Although going to college may not have been a regular topic of conversation at home, it was frequently discussed at Palo Alto Senior High School. “Being in the shadow of Stanford University helped create a unique educational environment,” Igler says. “I had friends who were in honors and AP classes, but I certainly was not, because my parents didn’t know such a track existed.”
His academic awakening came during his sophomore year, when he began writing for the school newspaper. “That was when I finally kicked it into gear,” he said. “I loved journalism and went on to edit the school paper during my senior year.”
Some of Igler’s friends suggested he go to a liberal arts college to pursue a degree in journalism. It just so happened that a good friend was already attending Wesleyan University and convinced him it was the place to be.
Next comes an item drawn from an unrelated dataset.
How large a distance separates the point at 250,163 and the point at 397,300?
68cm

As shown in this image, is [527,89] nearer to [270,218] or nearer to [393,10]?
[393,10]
Igler was also attracted to the school’s Middletown, Conn., location, because he “wanted to get as far away from Northern California as possible.”
Once there, he discovered that most of the students were far better prepared than he was to navigate the college experience. Undaunted, Igler earned bachelor’s and master’s degrees in American studies in just five years, with plans to become a high school teacher or a journalist.
“One’s success at college usually comes down to putting in the long hours and picking the right path,” he says. “I had some incredible advisers – professors who not only turned me on to the world of ideas, but also modeled what an academic career could look like. It was their example that inspired me to continue my education, so I came back to California and got my Ph.D. in history at UC Berkeley in 1996.”
Igler has been teaching at UCI since 2004, and although he doesn’t consider himself a role model, he does think it’s very important to share his background with today’s first-generation students.
“They need to know that some of their professors are not from a long line of professional ancestors. In fact, many of us went through a similar process of finding our way through the college experience,” Igler says. “As professors, it’s our job to mentor individually as well as to teach classes. Most of us are very receptive to mentoring undergraduates, and we first-generation faculty members are thrilled at the opportunity to talk with first-generation students.”